West, dopo aver lasciato Golden State, parla in quel di Los Angeles come nuovo consigliere dei Clippers, ruolo che lo rende molto fiero.

NBA  Jerry West si presenta ai Clippers: "Sono stato convinto dalla dirigenza"
Jerry West, nuovo consigliere dei Clippers- Fonte immagine: http://www.mercurynews.com

I Los Angeles Clippers presentano il primo acquisto dell'estate 2017. No, non si tratta di LeBron James o Paul George ma di Jerry West, ex consigliere dei Warriors che adesso si troverà a Los Angeles con lo stesso ruolo. Attenzione a sottovalutare questo "colpo" di mercato, dato che West è considerato molto bene all'interno della NBA ed è stato tra i protagonisti della costruzione del super team della Baia che ha impressionato tutto il mondo. Inoltre, nel suo curriculum vediamo anche che, a quanto pare, è l'uomo che ha portato un certo Kobe Bryant ai Lakers quando lavorava per loro.

Adesso si troverà nella stessa città, ma con la maglietta rivale. Ciò non lo spaventa e, anzi, ne è lusingato: "Vedo persone molto equilibrate qui, e sono molto lusingato del fatto che loro pensino che io possa aiutare la squadra. Ma la verità è che sono stato convinto dalla dirigenza. Penso che loro vogliano stabilire una loro identità forte in questa città; e questa è la cosa che conta di più anche per me, oltre a vincere ai massimi livelli. Hanno avuto una tra le migliori squadre per sette anni oltre che a un grande talento, ma non è bastato. Vogliono provare ad arrivare ad un altro livello. E posso assicurarvi che ad aiutarli più di tutti sarà Steve Ballmer e la sua presenza."

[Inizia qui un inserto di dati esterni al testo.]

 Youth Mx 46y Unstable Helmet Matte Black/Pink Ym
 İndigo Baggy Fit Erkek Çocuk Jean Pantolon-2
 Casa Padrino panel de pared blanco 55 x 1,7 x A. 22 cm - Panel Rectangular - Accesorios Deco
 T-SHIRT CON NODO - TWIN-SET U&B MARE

La sua intervista si conclude con qualche commento sulla sua passata stagione a Golden State ma anche su quelle più lontane nel tempo, come ai Lakers negli anni 80' e 90'. "Onestamente, sono davvero emozionato. Ci ho messo un paio di giorni per superare lo shock, sono molto lusingato. Alcune volte mi piacciono le sfide e penso che il mio compito fosse finito [a Golden State]. Sono molto orgoglioso del mio lavoro ai Lakers. Ovviamente adesso siamo in un altro tempo,  ma gli auguro il meglio, tranne quando giocano contro i Clippers, in quel caso non gli auguro il meglio."